# Authenticity
With the proliferation of online pdf editing tools it is quite easy to fraudulently modify a pdf. Clearly it is very important for lenders to be able to detect this kind of modification! however it can be impossible to detect by manual inspection.
We have a feature called authenticity
which allows you to discern modified from original statements. This page describes this feature in detail.

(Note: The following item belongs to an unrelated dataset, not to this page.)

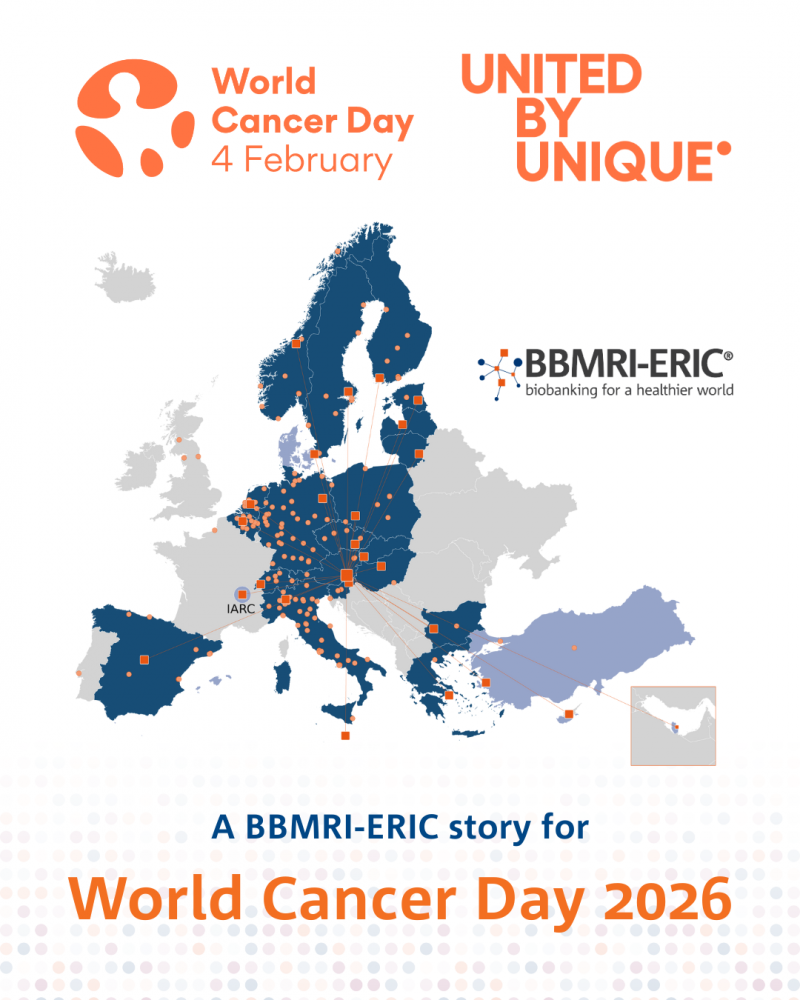 Map of BBMRI-ERIC nodes with World Cancer Day written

# Fraudulent modification example
In the example clip below we see how easy it is to modify a pdf using a freely available online pdf editor. In the clip we add a 1 in front of the income amount to change it from R 42,000
to R 142,000
!
# How to establish whether a pdf is authentic
# Meta data
Every pdf contains some additional information in it that indicates which software was used to create and/or modify the pdf. This additional information is called meta data
. You can see some of the meta data fields (PDF Producer
& PDF Version
) in Acrobat Reader in the picture below:
# Unmodified statements aka originals
When we receive at a pdf we can use the meta data to check whether it is the original pdf that was produced by the bank, or whether it has been modified by some other pdf software. Note that this is complicated slightly by a number of factors:
- First, there are many ways to obtain statements:
- some banks have multiple ways of obtaining statements e.g. download from internet banking vs received in monthly email vs access via banking app
- there can be multiple formats for each of these methods e.g. the ABSA site allows you to (1) generate an e-statement on the fly from the transactions history screen, but also allows you to (2) download "archived statements"
- each of these methods may have different meta data
- Second, banks change their statement formats from time to time - e.g. to give the statement a more modern look, or to display new information like COVID alerts.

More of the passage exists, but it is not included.